Since antiquity, garlic has been part and parcel of many Indian dishes and herbal medicine. Garlic powder is formulated in capsule form. It has allicin, a sulfur-containing amino acid that can combine with cysteine and other sulphydryl group containing amino acids and spares insulin from inactivation[53]. Kumar et al[54] demonstrated that garlic, when added to metformin treatment, helps in further blood glucose reduction, although the effect is insignificant. Reduction of glycemia is modest in various studies.

Turmeric is used in food preparation as a spice. It has versatile pharmacological effects described by both in vitro and in vivo studies. Its bioactive molecule is curcumin which is present in the rhizome of this plant. Its active peroxisome proliferator-activated receptor gamma (PPAR-γ) is similar to thiazolidinedione. Despite its efficacy in in vitro studies, human trials fail to document any significant effect. Its bioavailability is a major hindrance to its efficacy. FBS reduction ranges from 2 to 9 mg/dL. The commonly used dose is 450-2100 mg/d[55].

A study on water extract or powder form of a mature stem of tinospora by Roy[56] and Mishra et al[57] demonstrated that 500-1500 mg capsule can reduce FBS by 5-8 mg/dL and HbA1C by 0.22%-0.54%. Its active compound, palmatine, is known to stimulate PPAR-γ).

The discovery of novel SGLT-2 inhibitors dates back to 1835 when phlorizin was isolated for the first time from the barks of an apple tree by French chemists[58]. It is mainly found in the young shoots, roots, leaves and barks of the apple tree, while in fruit, it is most abundant in the seeds. Nevertheless, seeds of ripe fruit contain a toxic cyanogenic glycoside[59], so seeds of unripe fruit seeds are to be used. Apple, as an intact fruit, does not have glucose-lowering properties. Moreover, the bioavailability of natural phlorizin is less as it is hydrolyzed by lactase-phlorizin hydrolase in the brush border of the small intestine. Apart from the apple tree, quercetin, strawberry, rose hip and pear have phenolic components with SGLT-2 inhibitory effects. When consumed as food item, these may not bring about a reasonable effect due to the presence of carbohydrates within these fruits.

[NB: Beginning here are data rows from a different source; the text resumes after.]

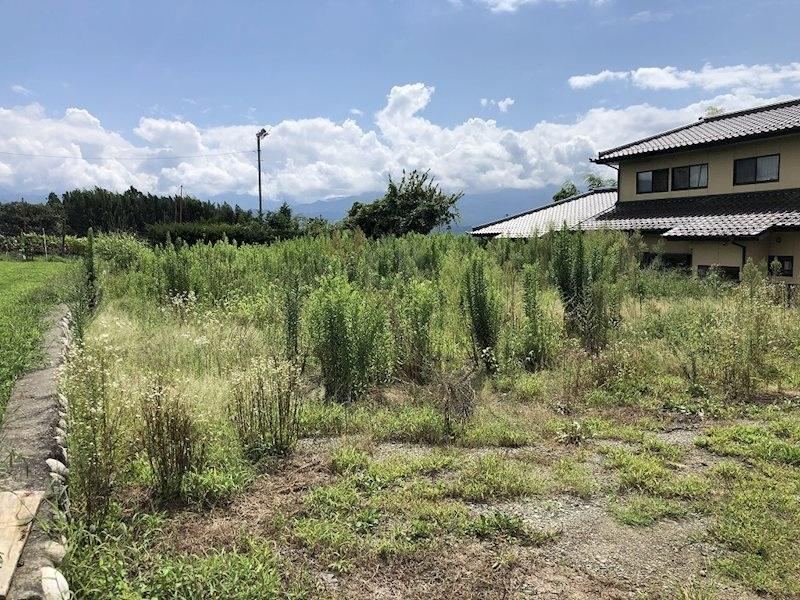 539 m² land in Matsukawa, Shimoina District, Nagano - Photo 1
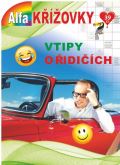Alfasoft Křížovky 4/2021 - Vtipy o řidičích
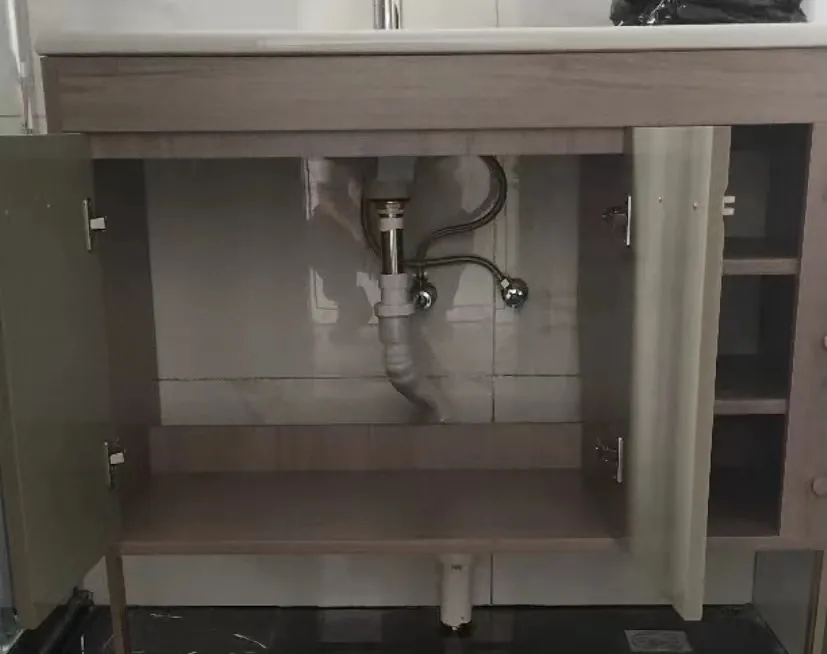 你家的卫生间离好用，还差一个浴室柜！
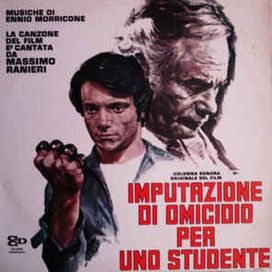 Imputazione Di Omicidio Per Un Studente - 1972 • Álbum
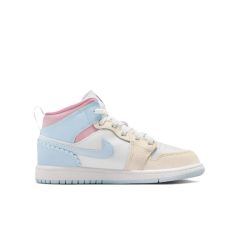 Pantofi sport Nike JORDAN 1 MID SE FEM GP Copii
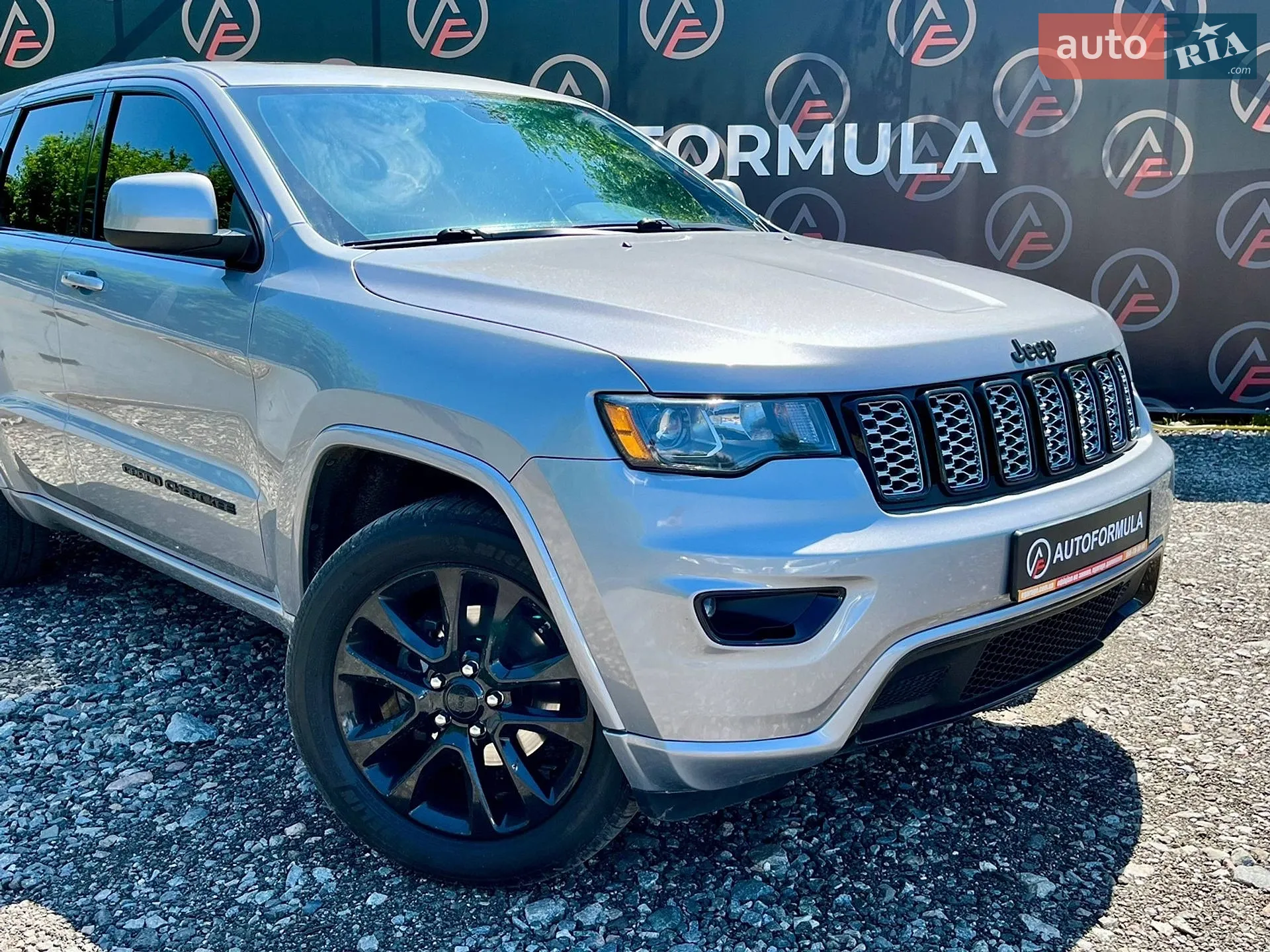 2020 Jeep Grand Cherokee - мініатюра 4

Its root extract has been used widely in Chinese medicine as antidiabetic therapy. However, evidence is not sound in human studies[60]. The active compound is glycyrrhizic acid. Due to its 11-beta hydroxysteroid dehydrogenase-2 enzyme inhibitory property, it can cause hypokalemia, hypertension and rhabdomyolysis[61].

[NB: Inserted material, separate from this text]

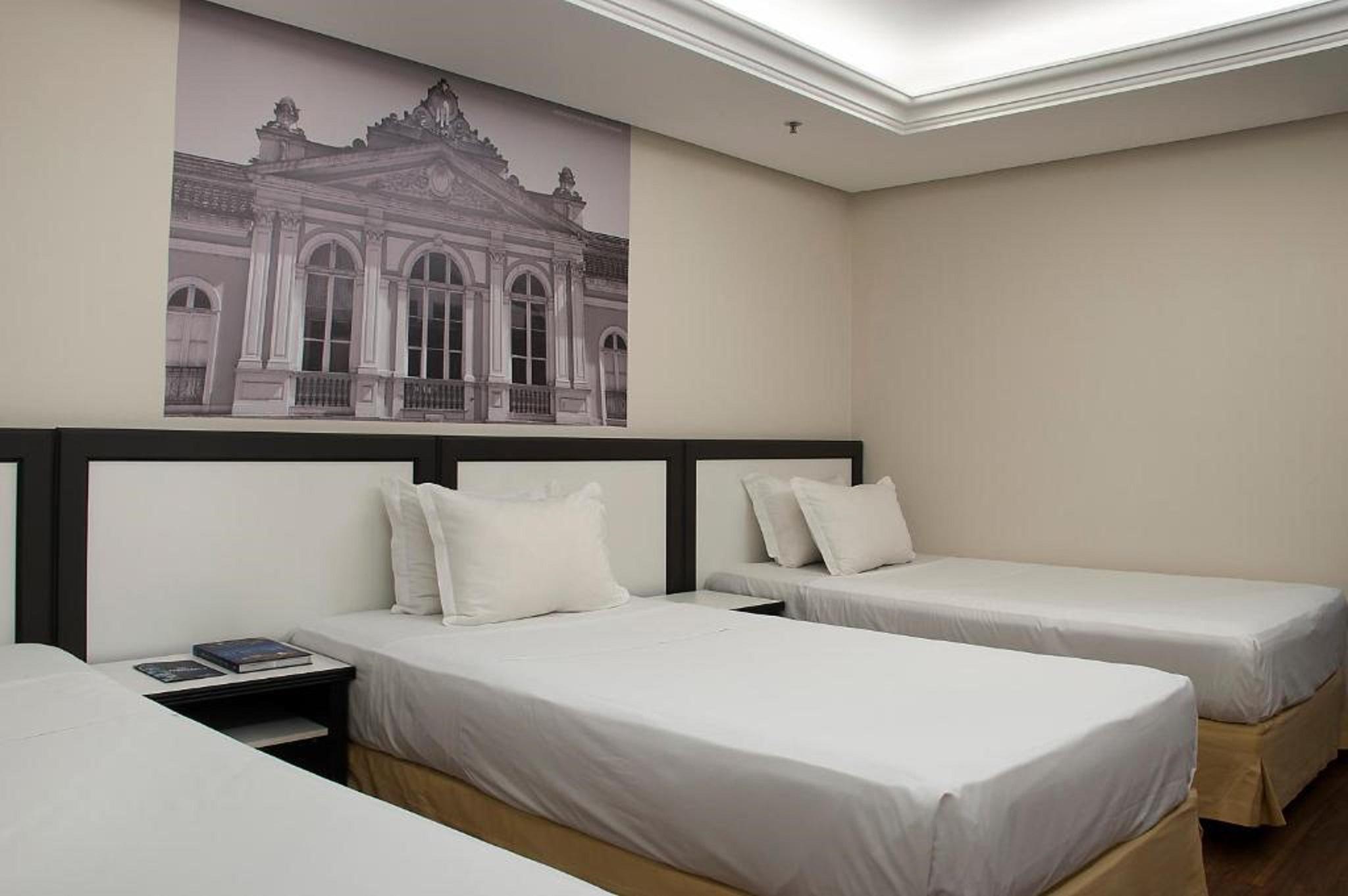 פורטו אלגרה Master Grande Hotel - Proximo Ao Palacio Do Governo מראה חיצוני תמונה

Rao et al[62] from India demonstrated the effect of jack fruit leaf flour on 40 diabetes patients in a RCT. They found that replacing an equal volume of wheat flour in daily meals with jackfruit flour could significantly lower the blood glucose level (mean FBS by 29 mg/dL, and mean HbA1C by 0.25%)[62]. However this finding needs confirmation by further RCTs.

An ayurvedic hypoglycemic formulation consisting of seeds of mango, seeds of bitter melon, seeds of jamun, and leaves of gurmar were tried in fairly large sample size (n = 350), which revealed a statistically significant reduction in blood glucose levels in DM[63]. A polyherbal formulation named BGR-34 was developed by the Council of Scientific and Industrial Research, Government of India.

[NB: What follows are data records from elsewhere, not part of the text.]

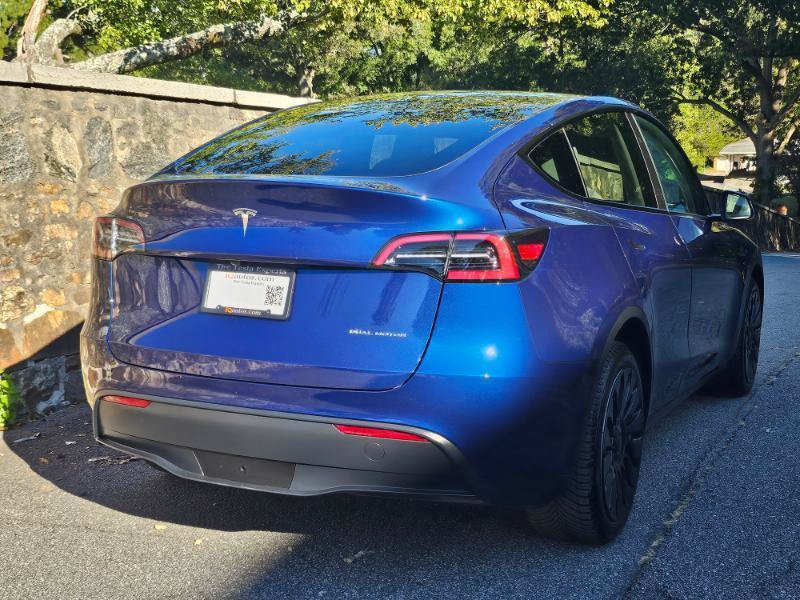 Used 2023 Tesla Model Y Long Range AWD/4WD image 11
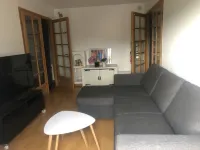 Charmant T3 Rez-de-jardin de Villa Dans un Lotissement Privé Hotels in Cogolin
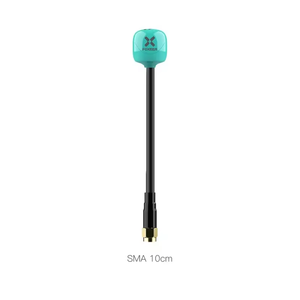 Antena Foxeer Lollipop 4 Plus de Aleación de Aluminio de Alta Calidad 5.8G 2.6dBi LDS (2 Piezas) para Drones de Carreras RC de 7 y 10 Pulgadas, Accesorios DIY - Product Image 2
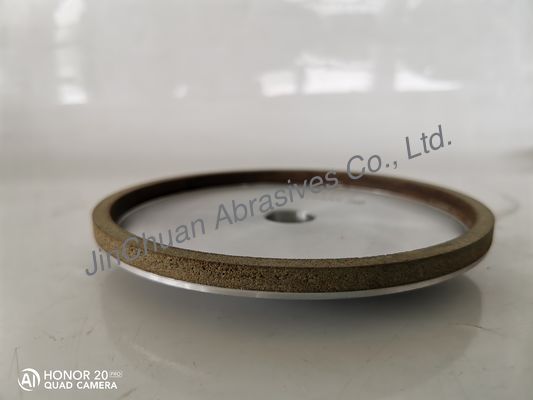 coupe de Diamond Grinding Wheel For Glass de lien de résine de 200mm PDX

Similarly, nettle, pomegranate, shilajit, beans, tea, ginkgo biloba, saffron lack sufficient clinical data in diabetes management although these are cited as antihyperglycemic medicine in Ayurveda. Central Council for Research in Ayurvedic Sciences recommends certain fruits and vegetables for diabetes patients. Those are fenugreek, bitter melon, garlic, unripe banana, jamun, amla, pomegranate, bael, guava, apple, and orange.